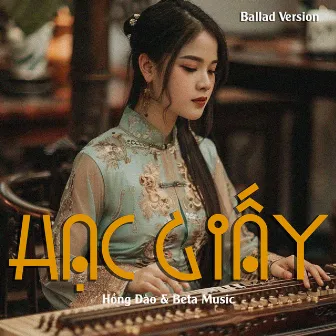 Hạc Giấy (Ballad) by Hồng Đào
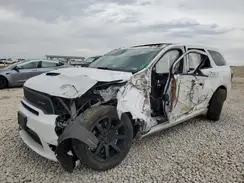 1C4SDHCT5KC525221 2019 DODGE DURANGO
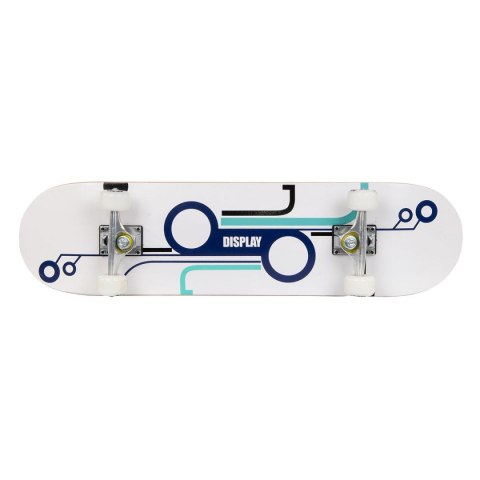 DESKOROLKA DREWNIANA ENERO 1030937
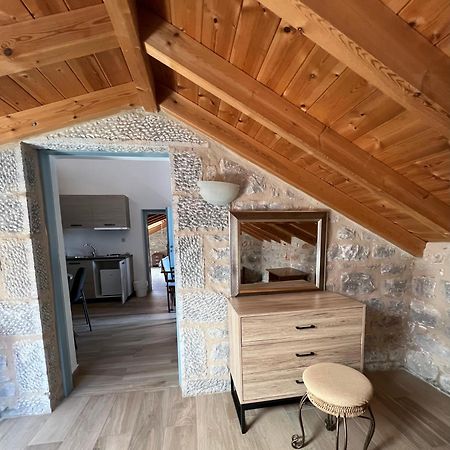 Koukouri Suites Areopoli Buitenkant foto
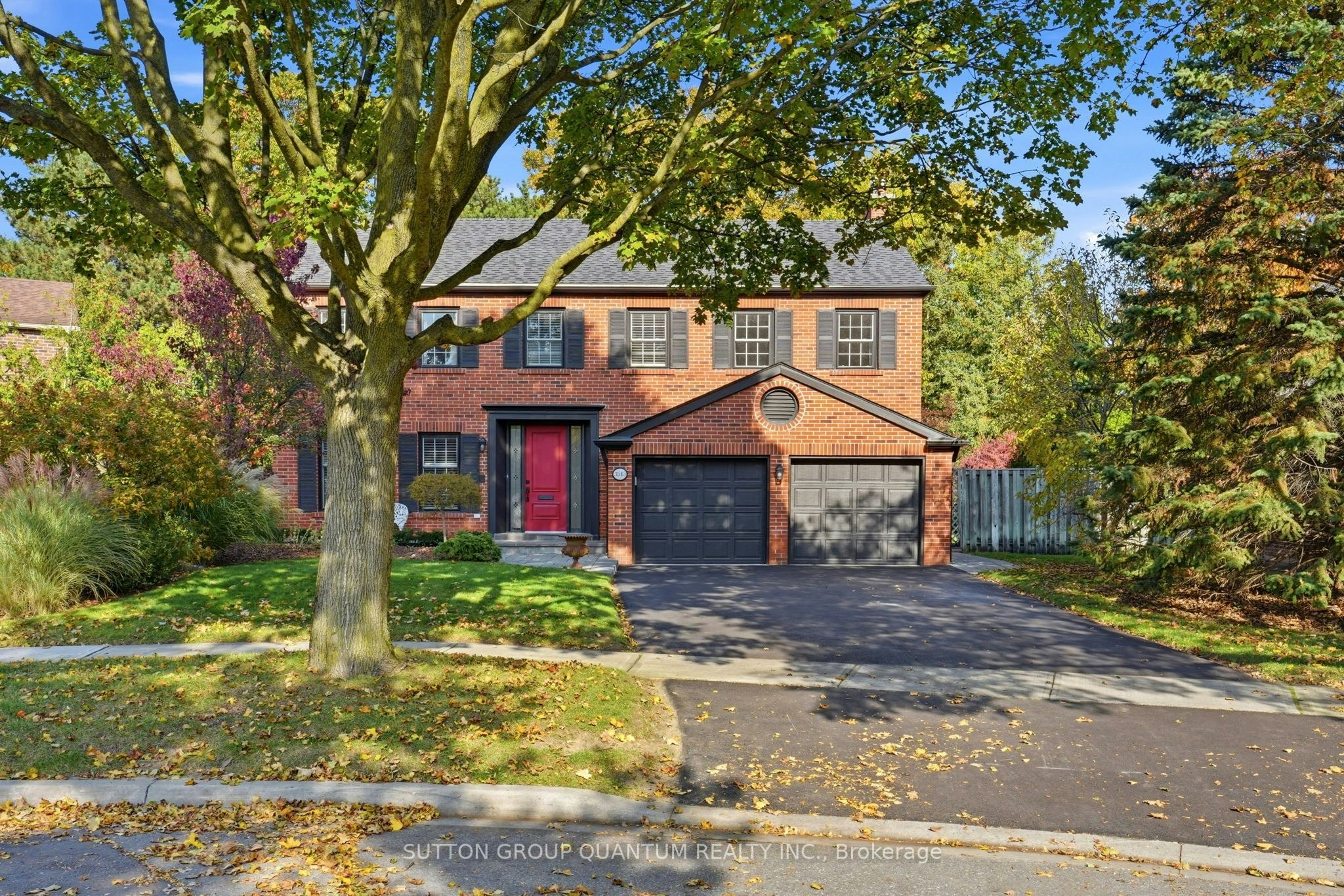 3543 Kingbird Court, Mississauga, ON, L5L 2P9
■ ■ ■ ■
Please give an exact copy of the lines from the line containing "1C4SDHCT5KC525221 2019 DODGE DURANGO" through the end of the records above, pictures excluded.

 1C4SDHCT5KC525221 2019 DODGE DURANGO
 DESKOROLKA DREWNIANA ENERO 1030937
 Koukouri Suites Areopoli Buitenkant foto
 3543 Kingbird Court, Mississauga, ON, L5L 2P9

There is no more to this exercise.